:: WHAT YOU NEED TO DO ::
Retype the listing below line for line, but only from the line with "Picture 5 of 8" down to the line with "zombie skull with", inclusive. Pictures stay out.

:: DATA FOR REVIEW ::
#####
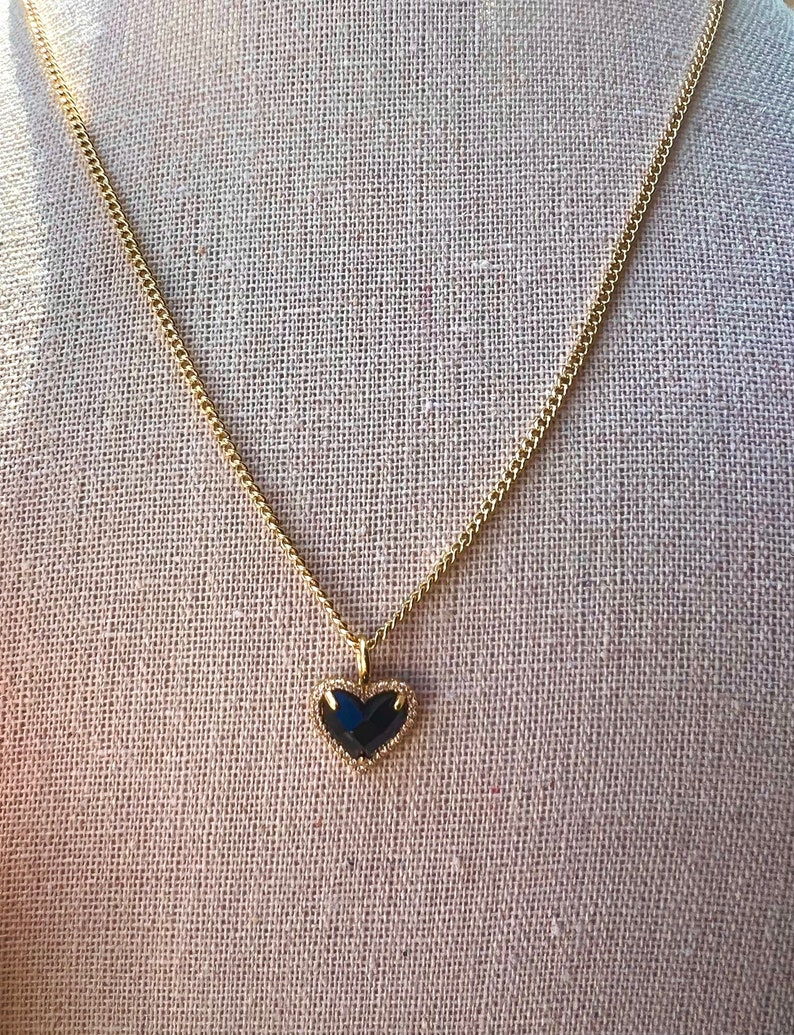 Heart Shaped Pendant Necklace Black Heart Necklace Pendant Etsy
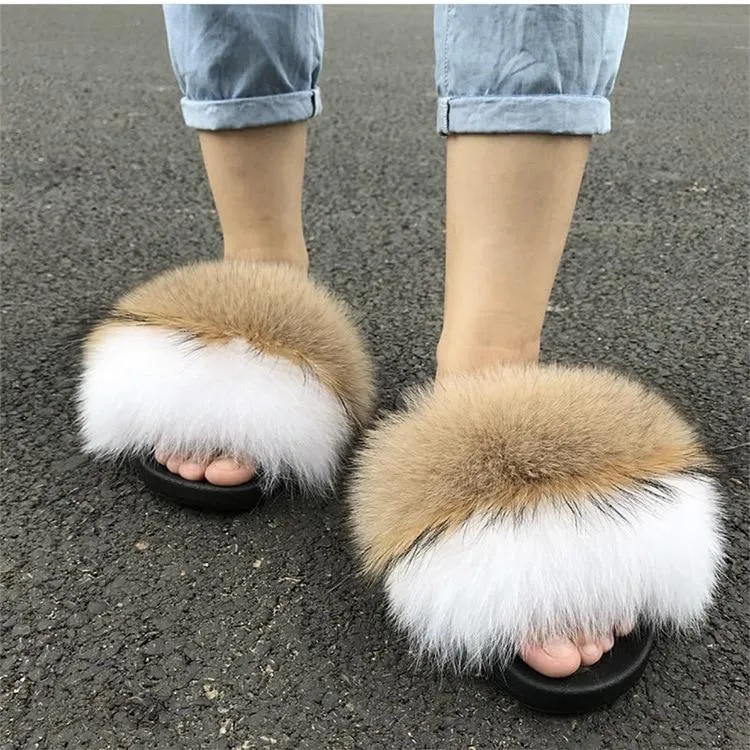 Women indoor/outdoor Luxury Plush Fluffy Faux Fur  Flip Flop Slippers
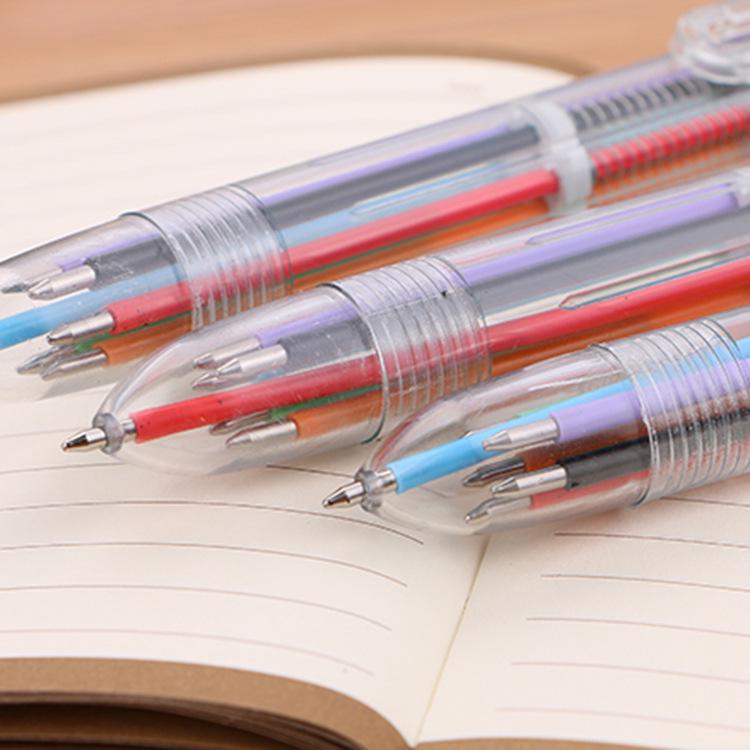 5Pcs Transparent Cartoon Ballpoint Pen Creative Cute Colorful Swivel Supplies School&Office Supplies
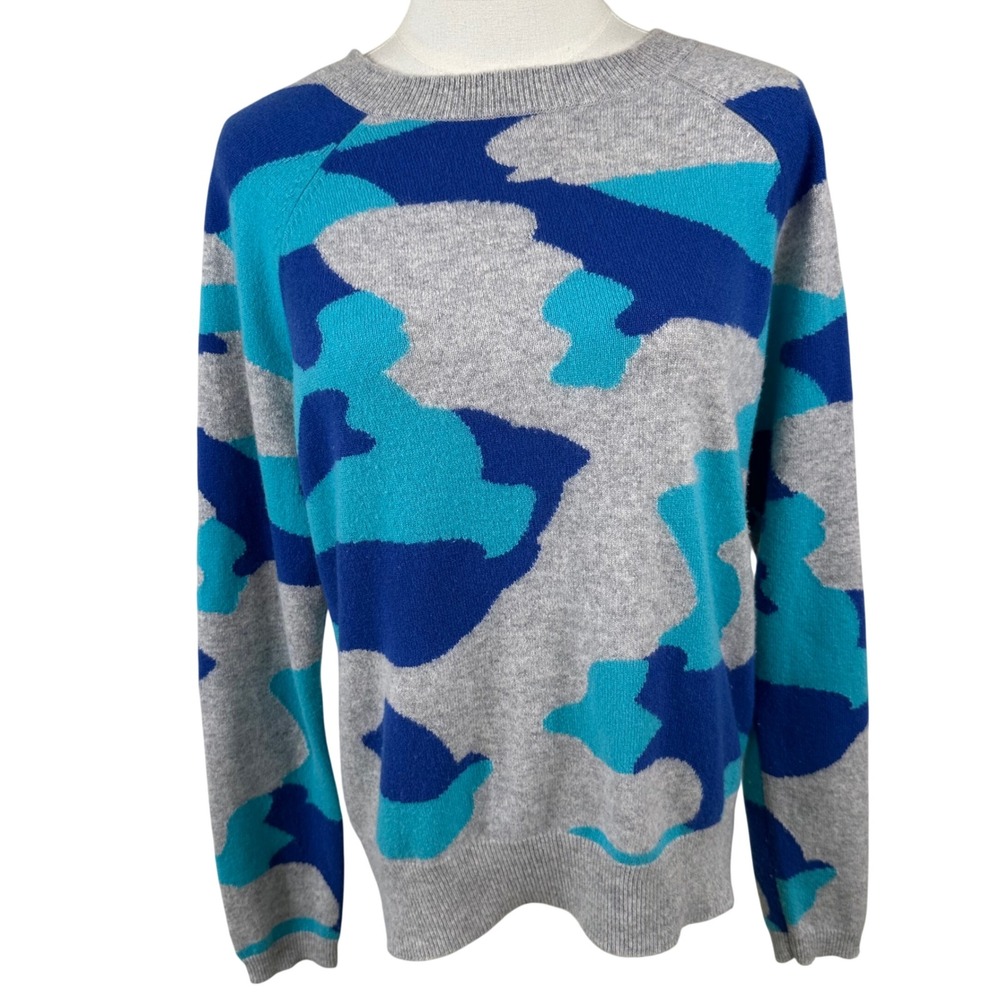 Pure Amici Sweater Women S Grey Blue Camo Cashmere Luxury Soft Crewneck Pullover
#####
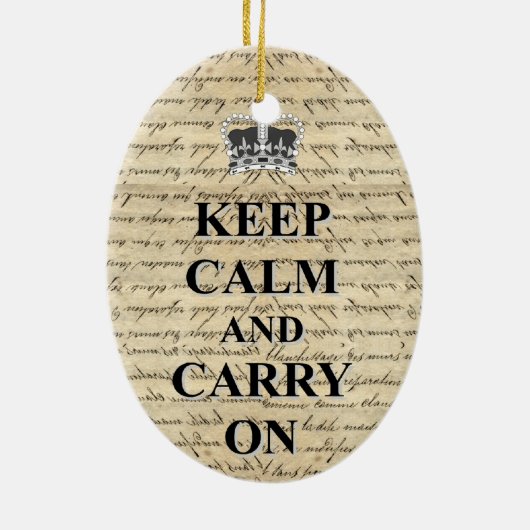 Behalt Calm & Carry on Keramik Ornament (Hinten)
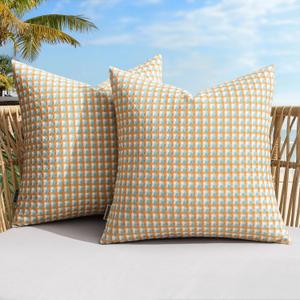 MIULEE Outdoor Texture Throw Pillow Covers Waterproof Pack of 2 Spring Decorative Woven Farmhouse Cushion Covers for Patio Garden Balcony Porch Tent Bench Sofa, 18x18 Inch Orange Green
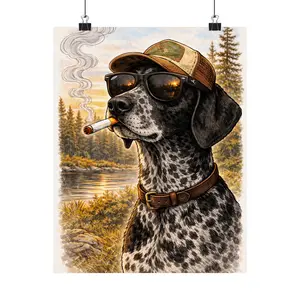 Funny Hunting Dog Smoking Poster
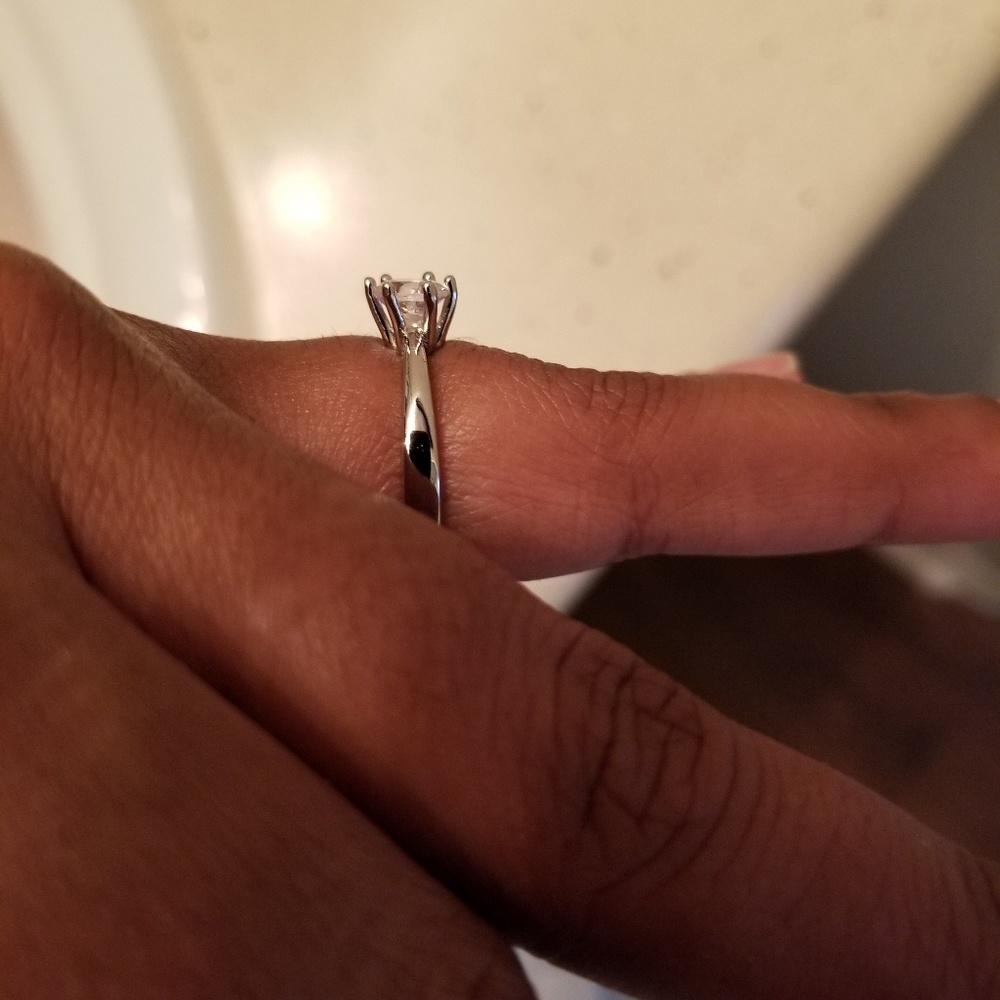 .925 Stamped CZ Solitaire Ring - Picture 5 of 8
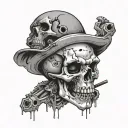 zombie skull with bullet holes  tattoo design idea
#####
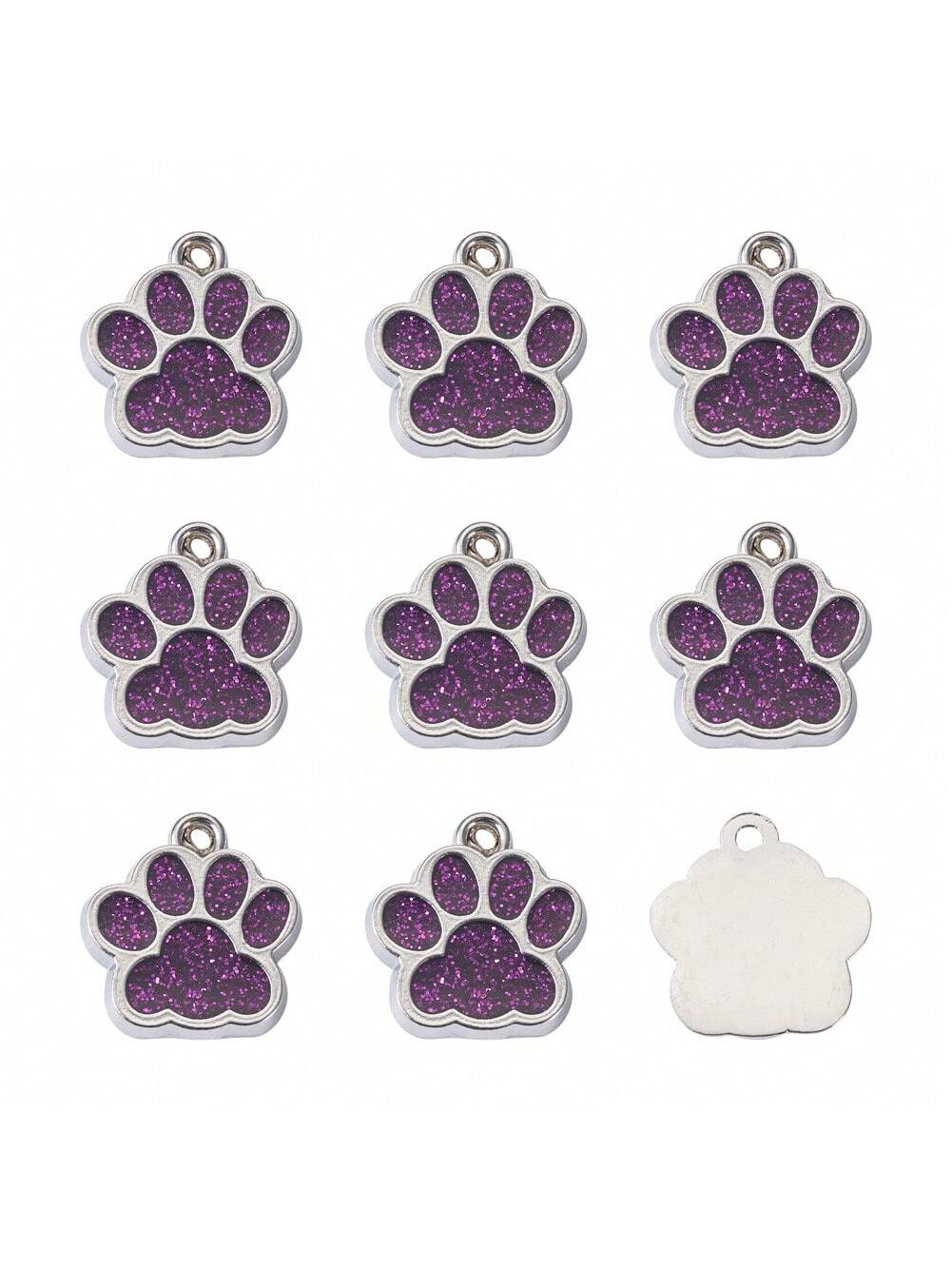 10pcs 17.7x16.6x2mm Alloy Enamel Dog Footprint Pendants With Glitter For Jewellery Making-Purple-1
#####
:: ANSWER TO THE EXERCISE ::
 .925 Stamped CZ Solitaire Ring - Picture 5 of 8
 zombie skull with bullet holes  tattoo design idea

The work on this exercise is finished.